Without the use of the swan, what is the best indicator a patient is in cardiogenic shock vs sepsis. I was told past medical history but a patient may have a significant past cardiac medical history and still be septic. Help me understand please.
So without the use of a swan...an Echo is a great tool...cardiogenic shock often shows global hypokinesis, elevated filling pressures, wall motion abnormalities, and a dramatically reduced estimated EF. This often correlates to a picture of a cold shock/low flow/perfusion state. I find that often these patients are either orthopnic/tachypnic/hypoxic and agitated or very very quiet, cold, and obtunded.
The septic patients on echo sometimes have a hyperdynamic LV, flat IVC, etc. Their clinical picture correlates with infection, positive cultures, fluid/vasopressor responsive distributive shock.
Yes definitely we get patients all the time that have both septic and cardiogenic shock (eg: really really sick endocarditis patients). These patients are often very tricky to get their fluid/volume status correct.
The "best" indicator? Besides the history and physical? There is no "best" single indicator. It's a medical diagnosis that comes from an assessment and lab work. If you need a PA catheter or an echo to tell the difference between the two, you're probably not a diagnostician.
Just google sepsis criteria or diagnosis and you'll see what I mean.

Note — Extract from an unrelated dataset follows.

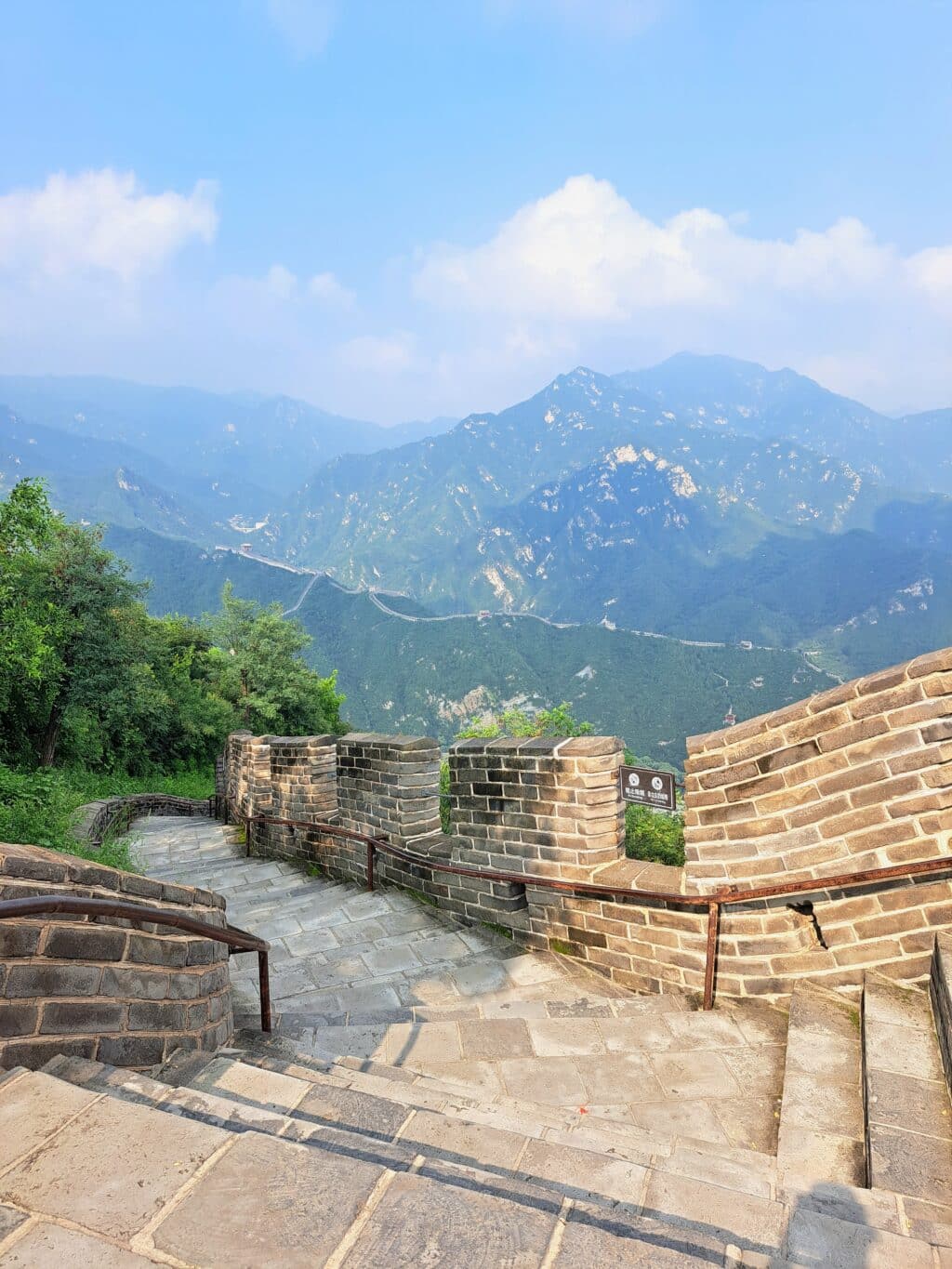 A view from atop the Great Wall of China.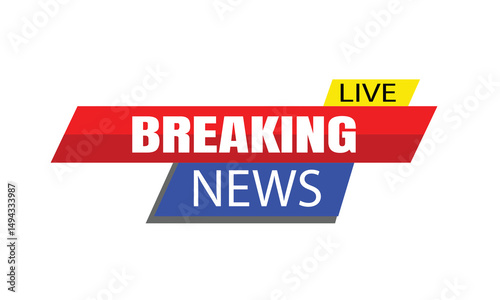  Breaking news background banners set. Breaking news, live broadcast, news screensaver on white background.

Cardiogenic shock is a sudden pump failure. Septic shock is caused by a cascade of events that start with an infection. Just because a patient has a cardiac history doesn't mean that they'll go into cardiogenic shock over a different kind of shock. Two different disease processes. If a patient has both going on, I doubt there would be time to sit and ponder the differences!
Labs. Elevated Lactate, procal, elevated CRP, WBC would indicate sepsis.
For cardiogenic shock: troponin, myoglobin, Pro-BNP. ECG changes and of course, typical s/s of pump failure; wet lungs, swollen legs , heart gallop (s3 OR s4).